But John Paul II's most lasting legacy to Catholicism will come from the episcopal appointments he made. In order to have been named a bishop, a priest must have been seen to be absolutely opposed to masturbation, premarital sex, birth control (including condoms used to prevent the spread of AIDS), abortion, divorce, homosexual relations, married priests, female priests and any hint of Marxism. It is nearly impossible to find men who subscribe wholeheartedly to this entire catalogue of certitudes; as a result the ranks of the episcopate are filled with mindless sycophants and intellectual incompetents.
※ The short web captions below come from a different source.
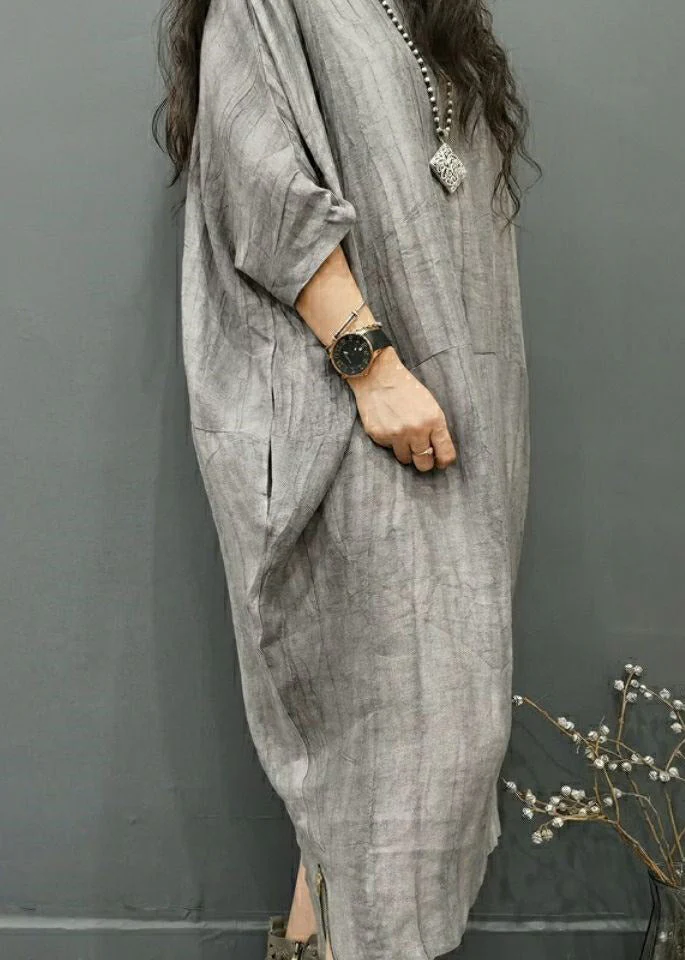 Beautiful Gray geometry O-Neck Wrinkled Side Open Linen Long Dress Batwing Sleeve - Image 6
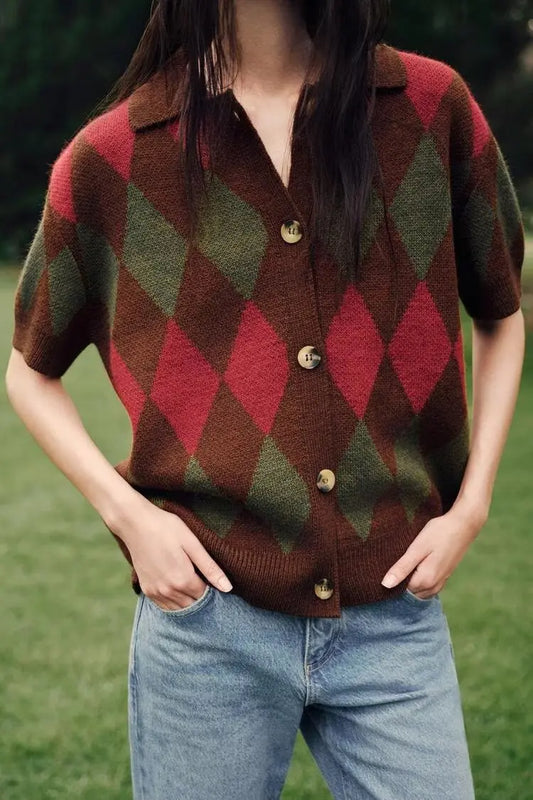 Autumn Diamond Pattern Knitted Polo Shirt Bella Mia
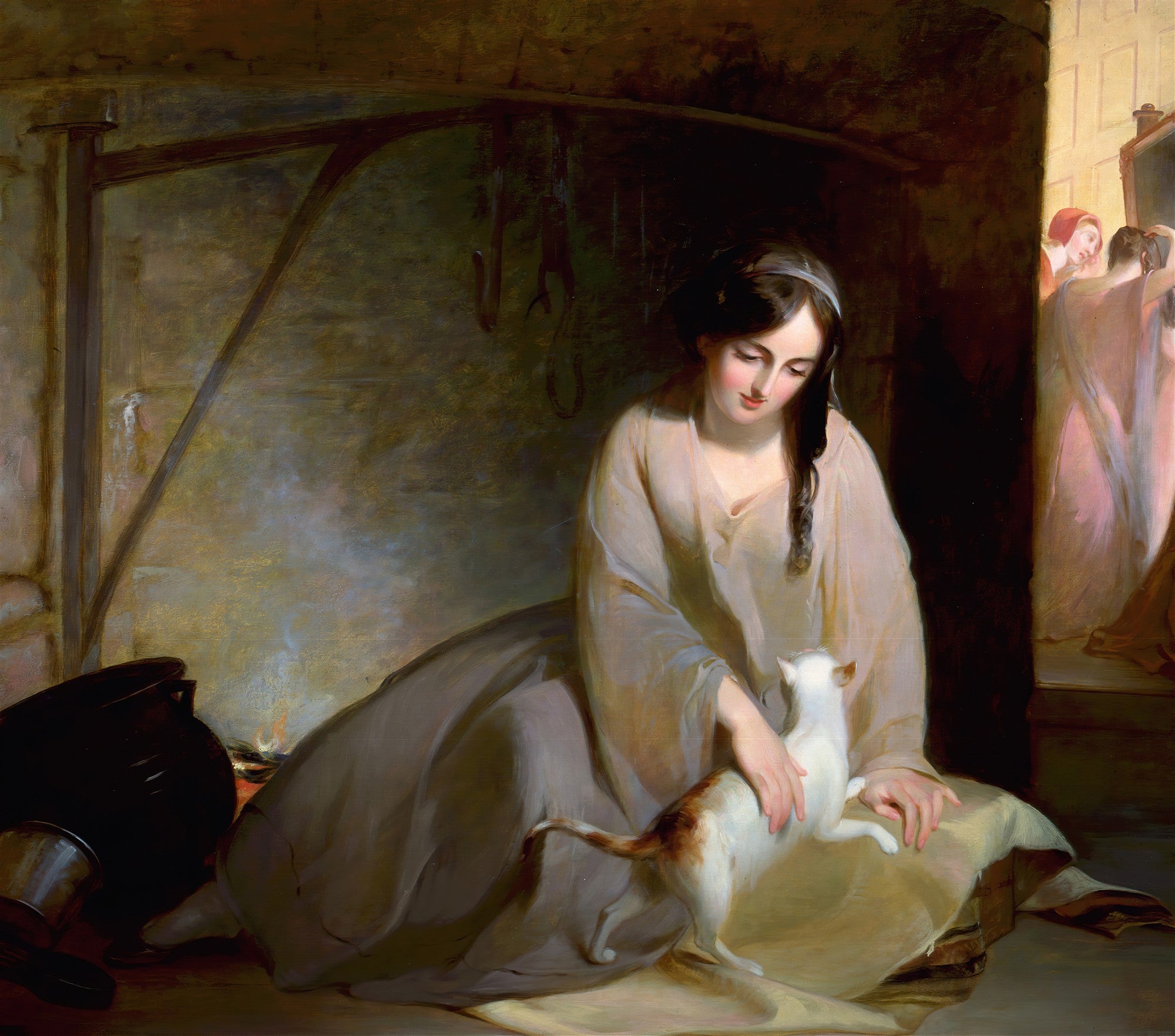 Uma mulher jovem de cabelos escuros e vestido claro, sentada no chão, acariciando um gato branco e marrom. A cena ocorre em um ambiente rústico com lareira e um vaso escuro ao lado. A mulher tem uma expressão serena e carinhosa. A obra é de Thomas Sully.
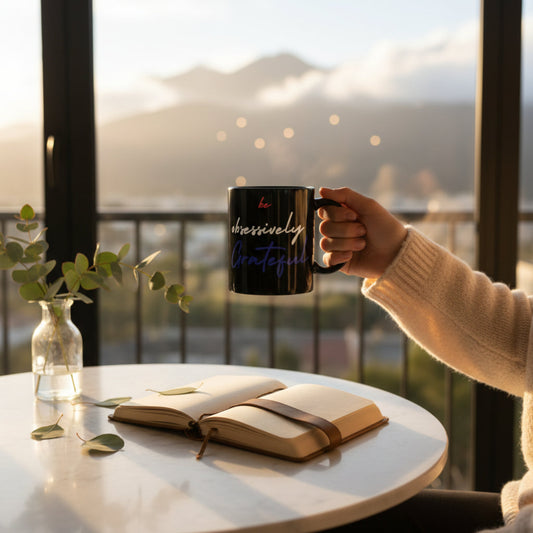 Black Ceramic Mug - Red White Blue Be Obsessively Grateful Print Design - 11oz  15oz
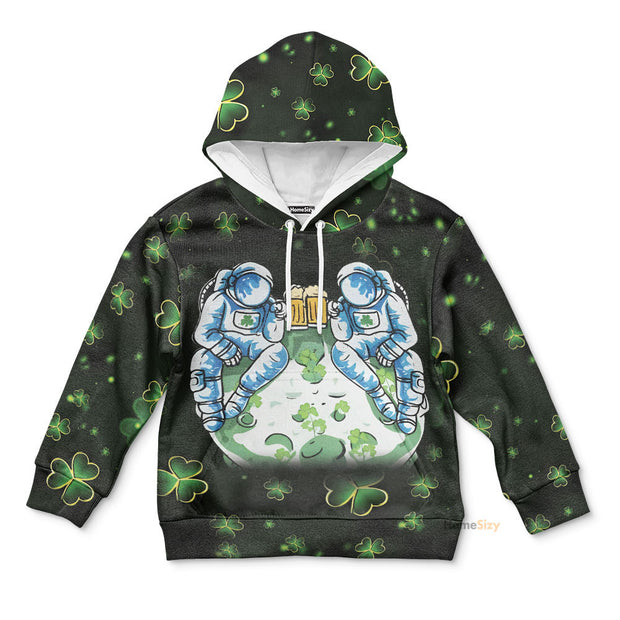QT305274Hf St Patrick Drinking Out Space Custom Kid Hoodie
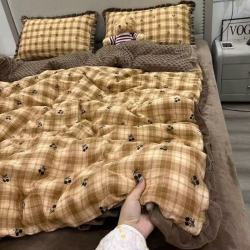 魅森A类全棉双层纱加绒四件套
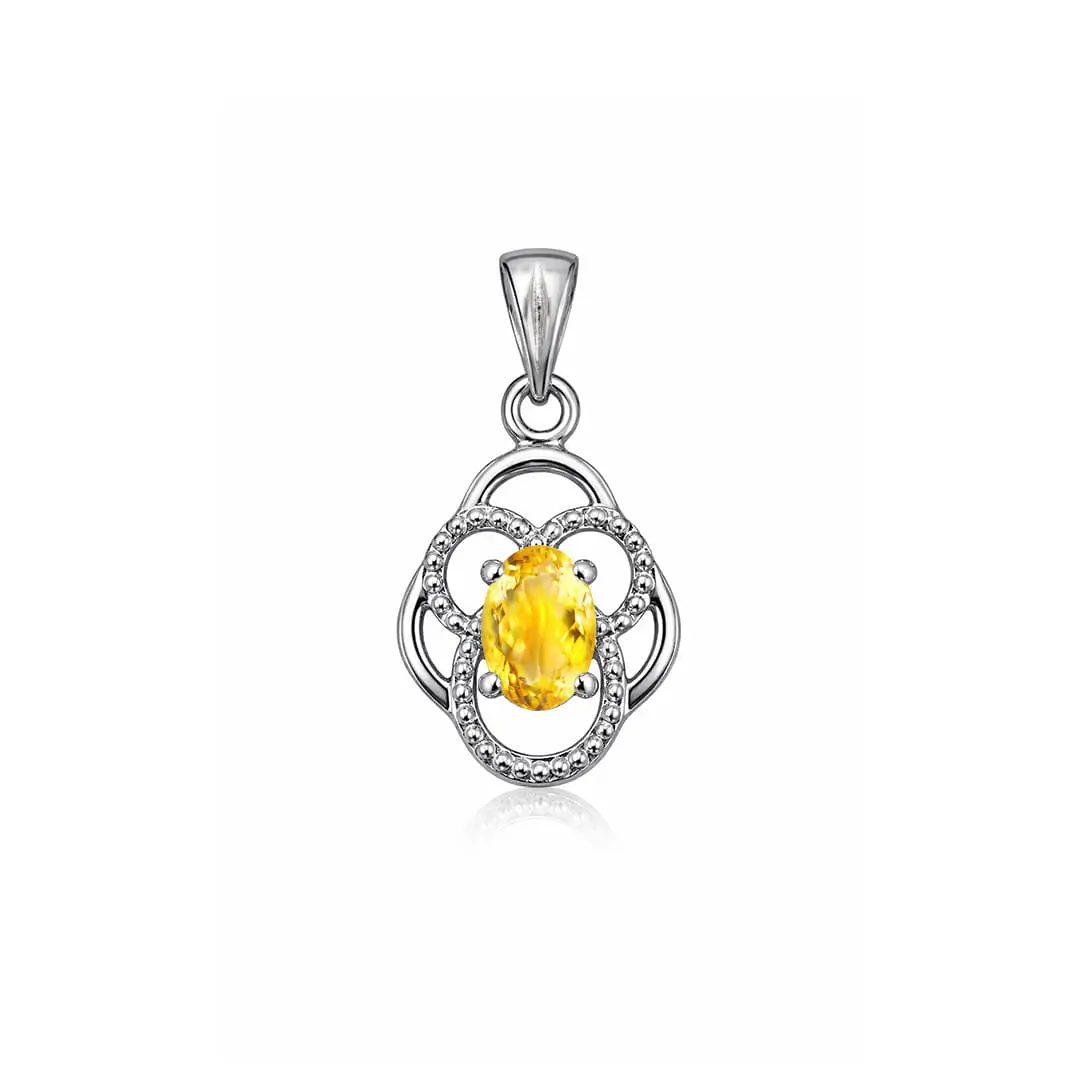 pendant gemstone without cz 40b citrine a silver pendant with 5x7 mm oval citrine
The good priests have been passed over; and not a few, in their growing frustration as the pontificate of John Paul II stretched on, left the priesthood to seek fulfillment elsewhere. ...
Sadly, John Paul II represented a different tradition, one of aggressive papalism. Whereas John XXIII endeavored simply to show the validity of church teaching rather than to issue condemnations, John Paul II was an enthusiastic condemner. Yes, he will surely be remembered as one of the few great political figures of our age, a man of physical and moral courage more responsible than any other for bringing down the oppressive, antihuman Communism of Eastern Europe. But he was not a great religious figure. How could he be? He may, in time to come, be credited with destroying his church.
It seems to me that the notion that JP II is "more responsible than any other" man for the end of the neo-Stalinist regimes of Eastern Europe is a pious canard, but let that pass for now. (I know how the Poles feel about the moral courage lent them by the example of the Polish Pope, and one has to honor that feeling—but there was moral courage coming from a lot of sources in the days of Solidarity, and great movements of social and political change don't well up because of any one person's will or example.)
My sense of what we were in for from the media in the wake of JP's death may have been off: it was easy to extrapolate from the priest-ridden gabble of the death watch, and last year's Reagan hagiography, and imagine the worst. Good to see genuine, informed critique find an opening.